Rare First-Edition Copy of ‘The Hobbit’ Found in English Home Sells for Nearly $60,000
Experts found the volume while appraising the items in a home in Bristol, England. Only a few hundred copies are thought to survive
A pristine copy of J.R.R. Tolkien’s The Hobbit just sold for roughly $57,000 in England. The volume is a rare first-edition copy illustrated by the author.
Staffers at the Bath auction house Auctioneum discovered the book while sorting through the belongings of a recently deceased homeowner in Bristol. As Caitlin Riley, the auction house’s book specialist, says in a statement, she was rifling through a “run-of-the-mill bookcase” when she came across a pale green hardcover decorated with mountains and a dragon.
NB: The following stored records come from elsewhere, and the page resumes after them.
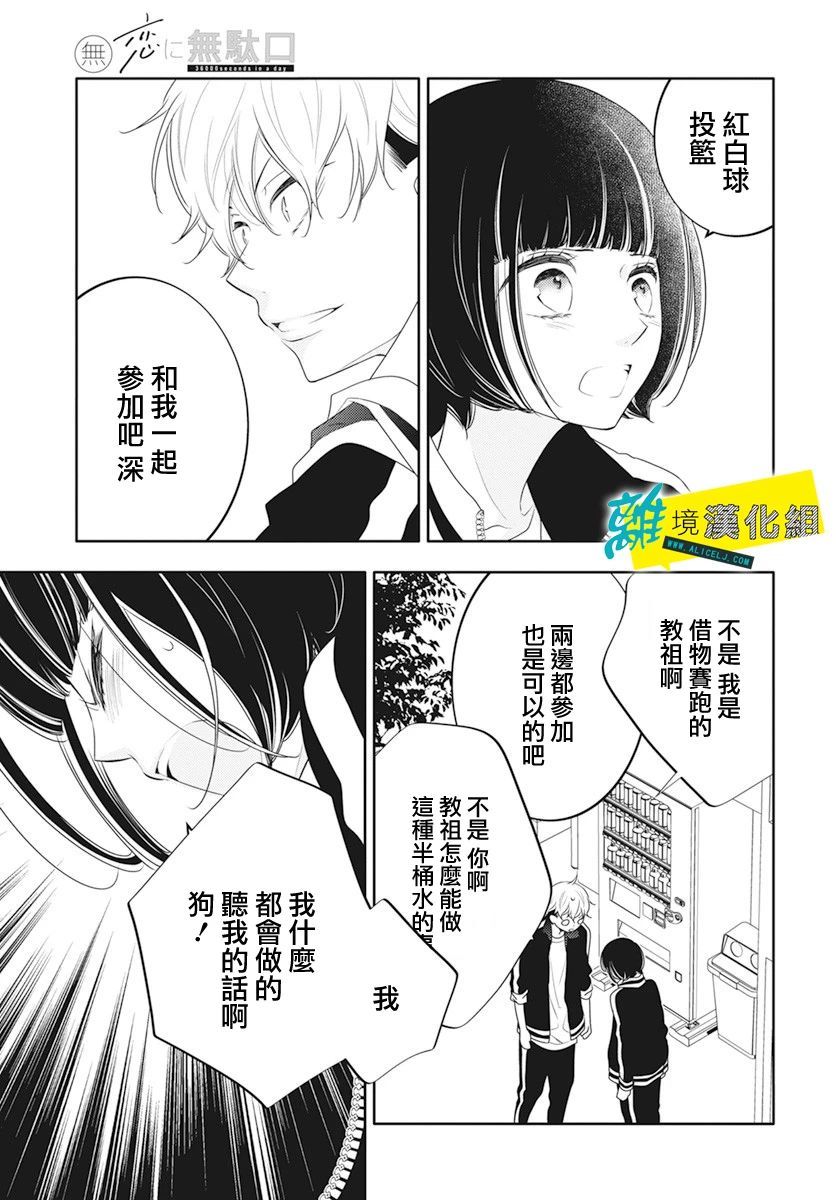 《恋爱屁话》漫画最新章节第28话免费下拉式在线观看章节第【24】张图片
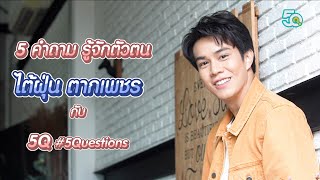 5Q-5Questions | 5 คำถามรู้จักตัวตน ไต้ฝุ่น ตากเพชร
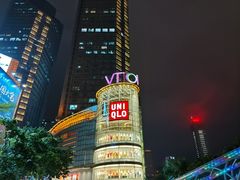 -ZARA HOME(天环广场店)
“It was clearly an early Hobbit at first glance, so I just pulled it out and began to flick through it, never expecting it to be a true first edition,” Riley says. “I couldn’t believe my eyes! There are a few key details to look out for when spotting one of the first editions, and as I looked into each one, they were all there. When I realized what it was, my heart began pounding.”
When The Hobbit was published in 1937, just 1,500 copies were printed. These books were covered in blue and green dust jackets designed by Tolkien, which depicted eagles soaring over mountains and forests. The first editions also featured ten black-and-white illustrations by the author. The novel, which follows a hobbit named Bilbo Baggins, takes place about 60 years before the Lord of the Rings trilogy.
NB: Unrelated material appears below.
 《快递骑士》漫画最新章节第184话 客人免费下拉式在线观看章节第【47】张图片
Upon publication, the novel was a huge success. As the New York Times’ Anne T. Eaton wrote in a 1938 review, “This is a book with no age limits. All those, young or old, who love a fine adventurous tale, beautifully told, will take The Hobbit into their hearts.”
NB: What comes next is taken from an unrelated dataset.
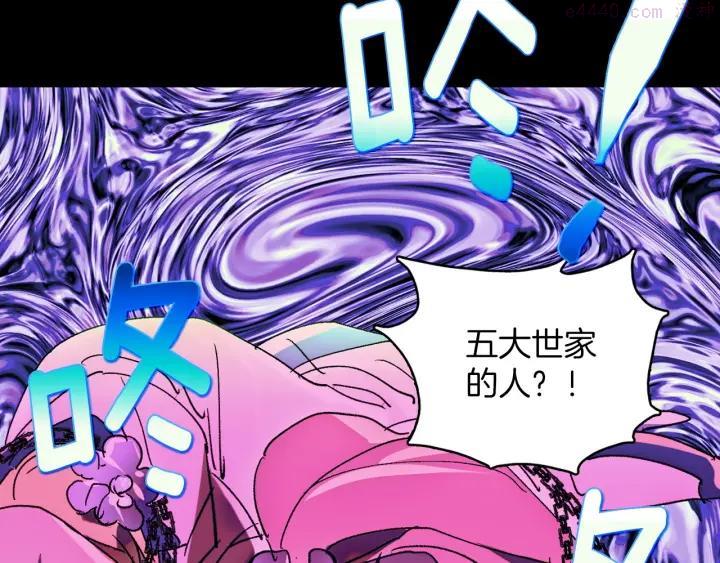 第183话 他乡遇故知47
First-edition copies of The Hobbit are rare. According to Auctioneum, only a few hundred are known to exist today. “The idea that one sat untouched on a shelf for so many years without anyone realizing its value is not just unusual,” Tolkien expert Pieter Collier tells the Times’ Amelia Nierenberg. “It’s astonishing.”
The recently discovered book doesn’t have its original dust jacket, and its spine is slightly discolored, but it is in “absolutely beautiful condition,” Riley tells BBC News’ Clara Bullock and Chloe Harcombe. Given that The Hobbit is a children’s fantasy novel, most early copies “have seen children’s hands [and] children’s coloring pens in some cases.”
But as John Garth, author of The Worlds of J.R.R. Tolkien and Tolkien and the Great War, tells the Times, this particular copy “either had one very careful reader or no readers at all.”
Experts had expected the book to sell for a maximum of £12,000 (about $16,000). The final price, £43,000 (around $57,000), is a record for a first-edition copy without the dust jacket, Riley tells BBC News. But other first-edition Hobbits with book jackets have fetched much more. One sold for £60,000 (roughly $122,000) in 2008, while another brought in £137,000 (about $182,000) in 2015.
When Riley confirmed the book she’d found in Bristol was a first-edition copy of the iconic novel, she wept. As she tells the Times, “To be able to handle and sell one, and for it to come from somewhere so completely unsuspecting? It honestly feels like a miracle.”